And here we crash headlong in to one of the traditional Mapping Commandments; thou shall map all areas equally. It is at best a faux pas in mapping circles to suggest mapping the countryside should get fewer resources than the city. The classic pillar of universal service for all, regardless of where you live, is in front of you. Be it the postal service, health care or road quality many people (who often, of course, live in the country) feel that the quality of these kinds of services should be the same everywhere.
It’s an expensive prospect to map the vast expanse of low population density areas across even rich continents and so it doesn’t happen as often. The great thing is that with fewer users, and less to map, there are fewer bugs (inaccuracies) in the maps and of course fewer customers to report them. Problem solved.

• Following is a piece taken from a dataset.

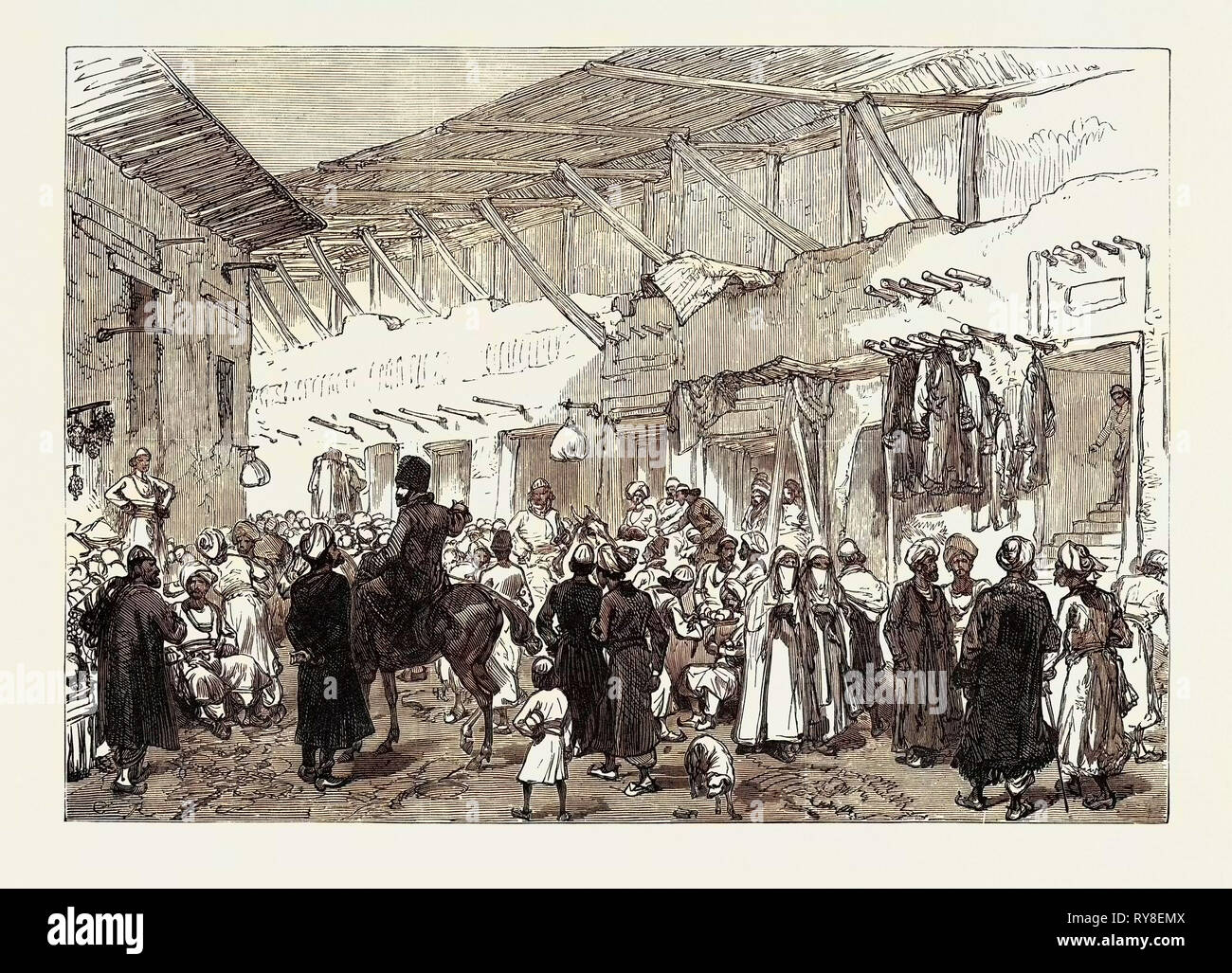 La guerre en Afghanistan : Le Bazar Shor Cabul, pillé par l'ennemi le 14 décembre 1880 Banque D'Images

Traditionally, mapping resources are organised in a fairly top down way. If you want to map a country you buy a number of cars, fill them with computers and measuring equipment and train people to operate them. Then you tell them where to drive and off they go, reporting back with their data and progress.
Look to windward and we see OpenStreetMap (OSM). At its core OSM is simply a platform for anyone to survey anything they like, anywhere. It’s not dissimilar from platforms used by governments, military and companies everywhere to map. The trick is that we get out of the way.
How do we get out of the way? Well, we don’t require you to be an employee for a start. We’re truly open to all and we’re entirely agnostic about what, how and why you map. That’s very important.
Imagine you are a surveyor out on the road working for a traditional mapping company. Your job is intensely monotonous. Driving around all day in unfamiliar areas you are expected to record details of everything around you in a very structured way. A road is type 22 and a car mechanic shop is type 56. The geometry has to be accurate to some tolerance figure of precision. You’re not allowed to map cycle paths because we’re making a road map for a traditional map company.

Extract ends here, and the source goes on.